** Information provided follows **
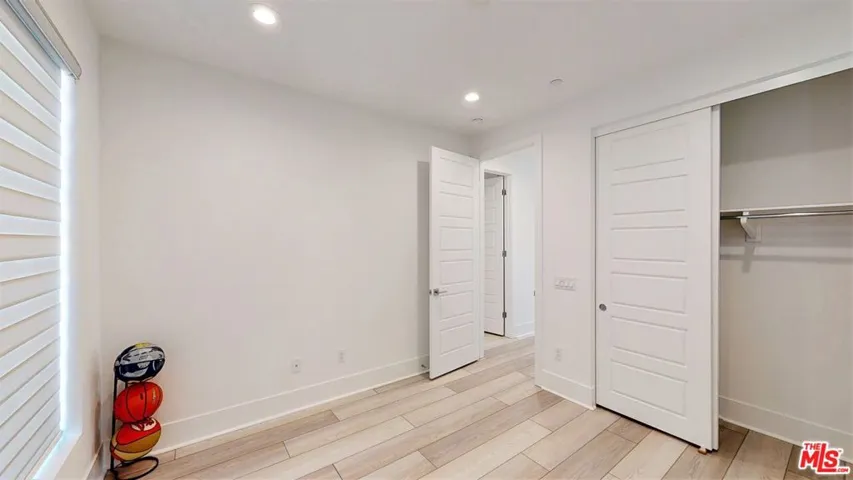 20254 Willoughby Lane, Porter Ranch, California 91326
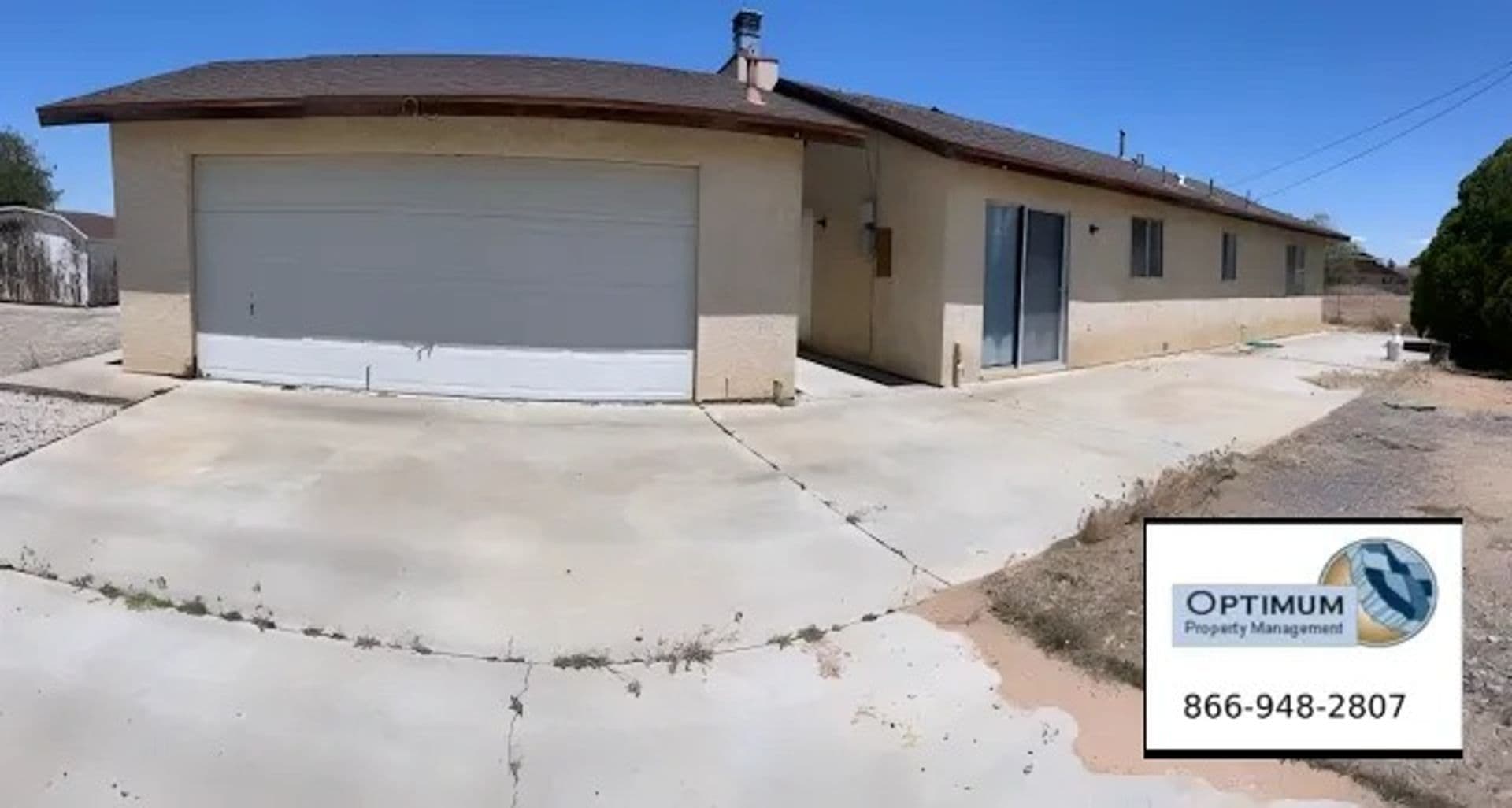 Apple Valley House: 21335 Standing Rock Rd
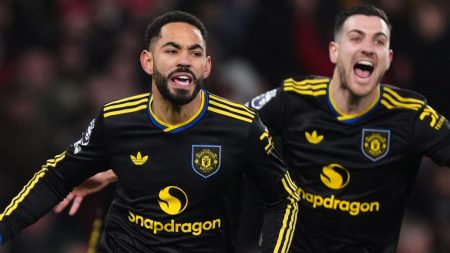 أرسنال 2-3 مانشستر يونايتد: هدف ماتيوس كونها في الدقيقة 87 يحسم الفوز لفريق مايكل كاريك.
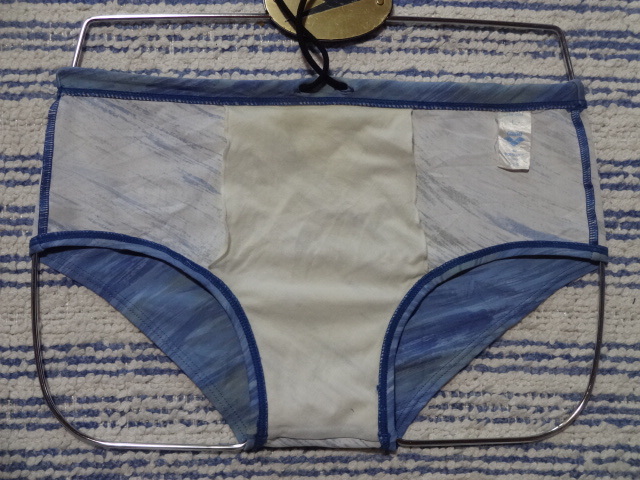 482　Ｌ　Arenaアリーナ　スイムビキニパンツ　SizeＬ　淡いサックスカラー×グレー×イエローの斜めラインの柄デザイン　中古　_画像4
** End of Information provided **
Activity: Please return each line of the listing exactly as written, excluding the images.

Result of the exercise:
 20254 Willoughby Lane, Porter Ranch, California 91326
 Apple Valley House: 21335 Standing Rock Rd
 أرسنال 2-3 مانشستر يونايتد: هدف ماتيوس كونها في الدقيقة 87 يحسم الفوز لفريق مايكل كاريك.
 482　Ｌ　Arenaアリーナ　スイムビキニパンツ　SizeＬ　淡いサックスカラー×グレー×イエローの斜めラインの柄デザイン　中古　_画像4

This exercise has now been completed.